Everett, a former abortion provider who is now a leading voice in the anti-abortion movement in Texas, said she doesn’t buy Planned Parenthood’s assertions that its federal funding is only spent on preventive services. Nor does she believe the legal separation of their family-planning and abortion services in Texas makes a difference in whether they should be part of the program.

“They share in the overhead,” she said. “If a woman has endometriosis, Planned Parenthood cannot treat her. … If they want to change and provide comprehensive care, they too can be included — and stop doing abortions.”

Planned Parenthood of the Texas Capital Region co-CEO Sarah Wheat said Everett's statement "reflects a lack of understanding of how the health care system works, particularly in Texas where there are so many uninsured women."

"If a woman has endometriosis, she probably has spotting and cramps, so if she came to Planned Parenthood, we can help her identify birth control that might help her. Secondly, if she needed additional medical follow-up or diagnostics, we would provide her with medical referrals," Wheat said, adding that Planned Parenthood remains a leading provider of clinical breast exams in the country. "We’re that frontline screening [for breast and cervical cancer]. That’s why we have clients who say Planned Parenthood saved their life.”

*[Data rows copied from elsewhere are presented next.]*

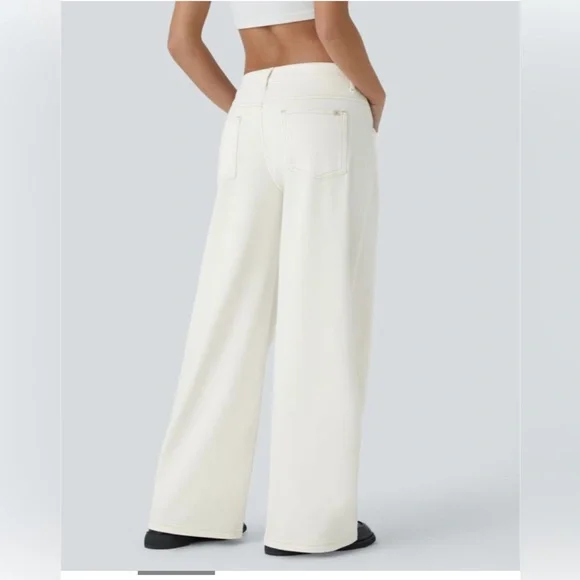 Halara Flex Asymmetric Low Rise Zipper Pockets Baggy White XL Petite - Picture 8 of 14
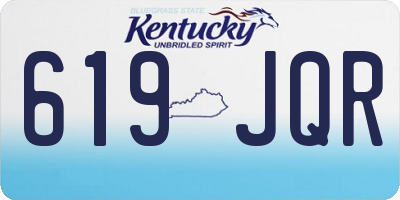 KY license plate 619JQR
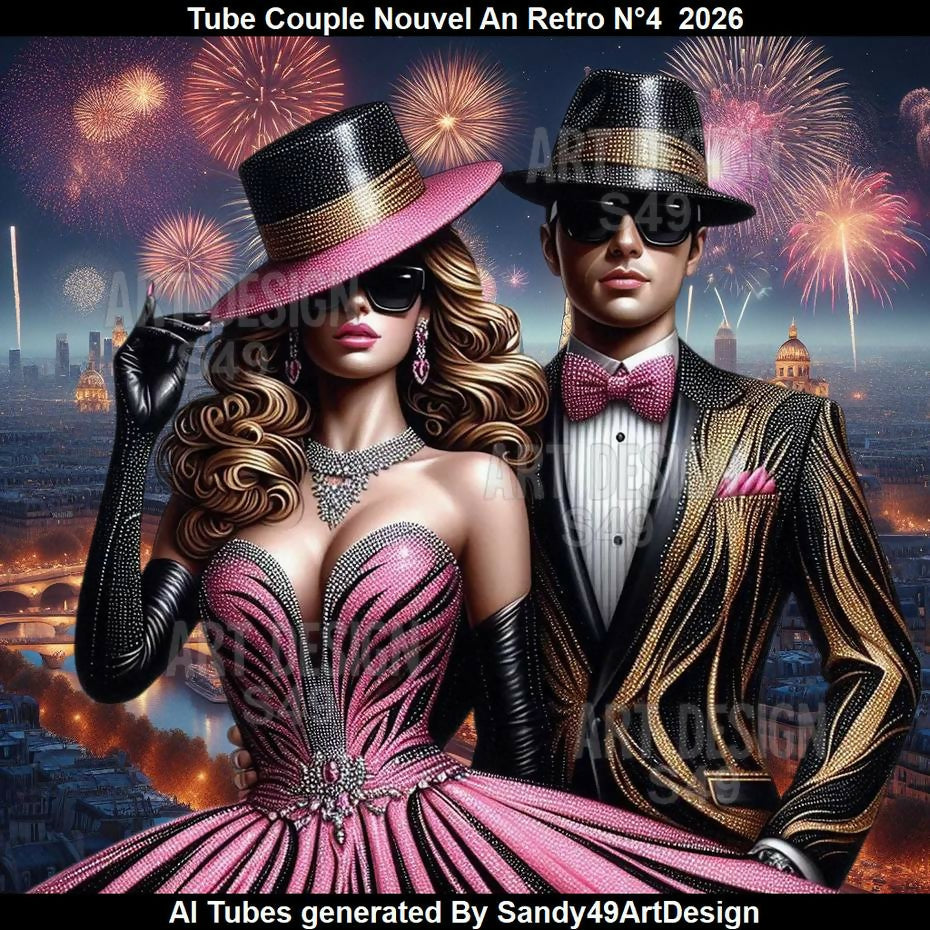 Tube Couple Nouvel An Rétro N°4 2026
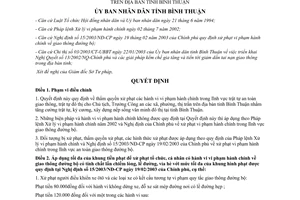 Quyết định 56/2003/QĐ-UBBT phân cấp quản lý xử phạt vi phạm giao thông trật tự đô thị Bình Thuận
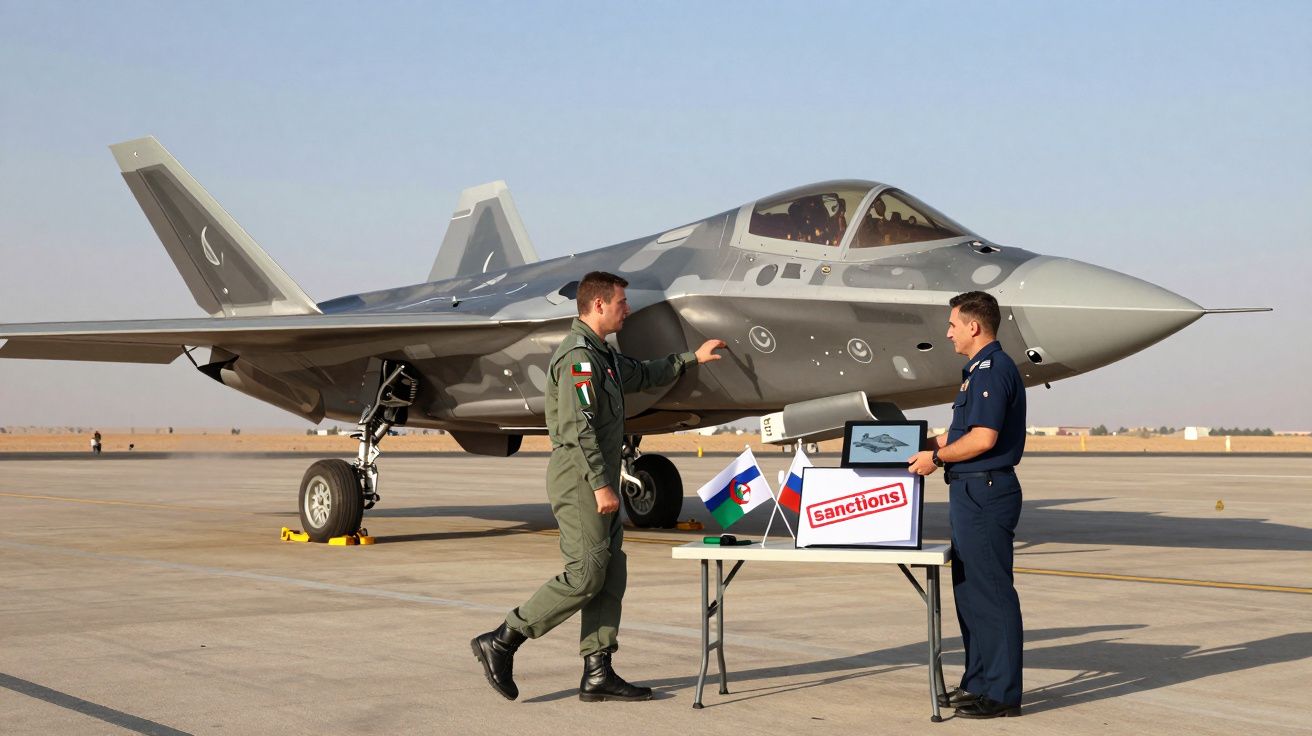 Dois militares perto de um avião de combate cinzento num aeroporto com bandeiras e um cartaz com a palavra "sanctions".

The Women’s Health Program is in danger of losing federal funding after the federal government refused to allow the state to exclude Planned Parenthood from the program, which funds cancer screenings and birth control for 130,000 low-income Texans.

On Thursday, Gov. Rick Perry said that no matter what happens with the federal government funding – which spends $9 for every $1 the state spends on the $4o million program — the program would continue.

In fiscal year 2010, the Health and Human Services Commission reported that 46 percent of the program’s clients were served by Planned Parenthood providers and 44 percent of payments went to the organization for its preventive services, including birth control, STD testing and cancer screenings. The U.S. Department of Health and Human Services has told the state that prohibiting some providers would limit access to health care — a violation of the Social Security Act. But speakers at Thursday’s news conference disagreed with that stance.

Various leaders from crisis pregnancy centers in Waco, Killeen, San Antonio and Austin said their programs have helped thousands of expectant mothers by providing them with a nurturing environment and robust referral services to local doctors who can help them carry through with their pregnancies.

Because these centers do not provide medical services outside of limited ultrasounds and pregnancy tests, they do not receive money from the Women’s Health Program. Most are privately funded, but some receive state funding from the Texas Pregnancy Care Network, which is dedicated to services other than abortions.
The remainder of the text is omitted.